25 Mbps capacitive-coupled isolator with 42 ns propagation delay
The Texas Instruments ISO7240CFDW is a 4-channel, unidirectional digital isolator using capacitive coupling technology, rated for 2500 Vrms isolation and a 25 Mbps data rate. Maximum propagation delay is 42 ns in both directions, with 2.5 ns pulse-width distortion and 2 ns typical rise/fall times. The part comes in a 16-pin SOIC wide-body (7.50 mm width) package, surface-mount only.
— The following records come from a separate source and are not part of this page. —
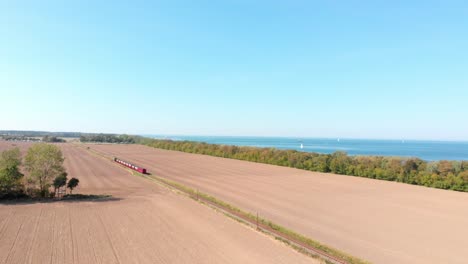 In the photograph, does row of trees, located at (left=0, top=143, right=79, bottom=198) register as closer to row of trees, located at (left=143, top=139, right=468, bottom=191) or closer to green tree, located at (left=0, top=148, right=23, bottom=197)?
green tree, located at (left=0, top=148, right=23, bottom=197)

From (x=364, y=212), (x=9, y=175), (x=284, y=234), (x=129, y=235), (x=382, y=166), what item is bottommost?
(x=364, y=212)

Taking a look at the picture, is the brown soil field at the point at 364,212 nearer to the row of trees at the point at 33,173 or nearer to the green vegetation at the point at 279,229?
the green vegetation at the point at 279,229

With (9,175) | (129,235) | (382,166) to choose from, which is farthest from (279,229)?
(382,166)

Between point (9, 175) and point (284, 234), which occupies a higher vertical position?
point (9, 175)

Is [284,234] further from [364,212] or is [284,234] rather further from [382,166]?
[382,166]

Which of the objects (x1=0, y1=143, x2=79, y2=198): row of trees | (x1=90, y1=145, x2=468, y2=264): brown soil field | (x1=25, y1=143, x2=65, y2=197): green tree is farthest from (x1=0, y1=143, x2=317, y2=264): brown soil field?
(x1=90, y1=145, x2=468, y2=264): brown soil field

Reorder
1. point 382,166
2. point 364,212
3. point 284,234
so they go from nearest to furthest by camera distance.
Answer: point 284,234, point 364,212, point 382,166

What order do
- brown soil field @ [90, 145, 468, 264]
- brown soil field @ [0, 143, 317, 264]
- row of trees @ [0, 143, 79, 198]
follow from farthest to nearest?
row of trees @ [0, 143, 79, 198] → brown soil field @ [90, 145, 468, 264] → brown soil field @ [0, 143, 317, 264] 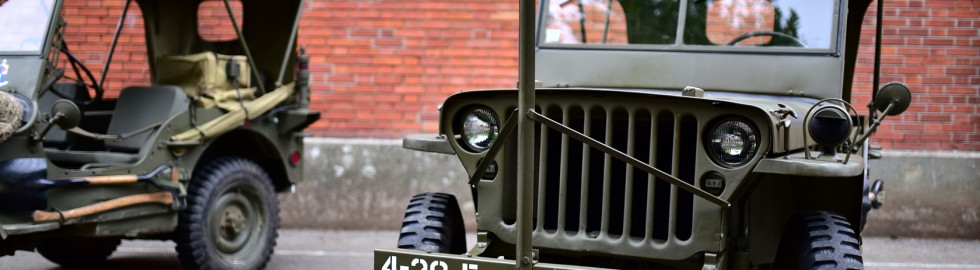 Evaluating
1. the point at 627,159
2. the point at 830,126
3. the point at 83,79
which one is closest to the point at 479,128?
the point at 627,159

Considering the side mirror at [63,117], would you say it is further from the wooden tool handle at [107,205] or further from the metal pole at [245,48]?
the metal pole at [245,48]

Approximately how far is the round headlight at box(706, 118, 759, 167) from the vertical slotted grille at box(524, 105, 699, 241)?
0.29 ft

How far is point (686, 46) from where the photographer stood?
5.63 metres

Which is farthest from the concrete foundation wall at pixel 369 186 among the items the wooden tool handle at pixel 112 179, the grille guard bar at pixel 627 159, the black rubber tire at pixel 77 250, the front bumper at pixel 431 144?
the grille guard bar at pixel 627 159

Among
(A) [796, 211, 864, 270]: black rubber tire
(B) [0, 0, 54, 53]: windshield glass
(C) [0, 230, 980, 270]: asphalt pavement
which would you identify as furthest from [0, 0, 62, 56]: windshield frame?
(A) [796, 211, 864, 270]: black rubber tire

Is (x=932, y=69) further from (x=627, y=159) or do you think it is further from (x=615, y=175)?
(x=627, y=159)

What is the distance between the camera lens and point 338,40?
34.4ft

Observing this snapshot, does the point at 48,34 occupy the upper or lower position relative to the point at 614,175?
upper

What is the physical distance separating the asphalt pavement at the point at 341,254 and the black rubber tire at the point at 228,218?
45 centimetres

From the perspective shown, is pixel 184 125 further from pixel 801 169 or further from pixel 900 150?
pixel 900 150

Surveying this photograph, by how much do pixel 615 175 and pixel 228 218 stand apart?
12.7 ft

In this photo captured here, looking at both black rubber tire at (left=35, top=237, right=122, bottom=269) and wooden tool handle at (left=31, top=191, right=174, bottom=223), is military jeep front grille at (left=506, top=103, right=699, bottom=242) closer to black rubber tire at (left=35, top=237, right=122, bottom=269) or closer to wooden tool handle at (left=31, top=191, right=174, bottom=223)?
wooden tool handle at (left=31, top=191, right=174, bottom=223)

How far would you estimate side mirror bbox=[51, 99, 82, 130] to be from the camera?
6.33 metres

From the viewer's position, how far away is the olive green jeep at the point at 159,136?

What the 42 ns propagation delay means for bus timing
At 25 Mbps the bit period is 40 ns, so a 42 ns propagation delay leaves essentially zero timing margin for a single-ended round-trip. This part is sized for unidirectional data paths — SPI clock and MOSI from controller to peripheral, for instance — where the total loop delay (driver + isolator + receiver) must close within one clock cycle. The 2.5 ns pulse-width distortion keeps duty-cycle skew tight enough for most synchronous interfaces at this speed. For bidirectional buses like I²C you'd need a different channel configuration.
25 kV/µs CMTI — why it matters for motor drives and inverters
The minimum common-mode transient immunity of 25 kV/µs means this isolator can reject fast voltage transients across the isolation barrier that would otherwise corrupt data. In a motor-drive or inverter application where the switching node slews at 10–20 kV/µs, that margin keeps the output from glitching. The capacitive coupling technology inherently handles these edges better than optocouplers at this speed, which is the main reason to pick this part over an older opto-based isolator for a 25 Mbps industrial link.
It is a current-production Texas Instruments part, suitable for both new design-ins and ongoing production. The base product number ISO7240 covers a family of speed and channel-configuration variants, so if a future revision needs a different data rate or directionality, the footprint stays the same across the family.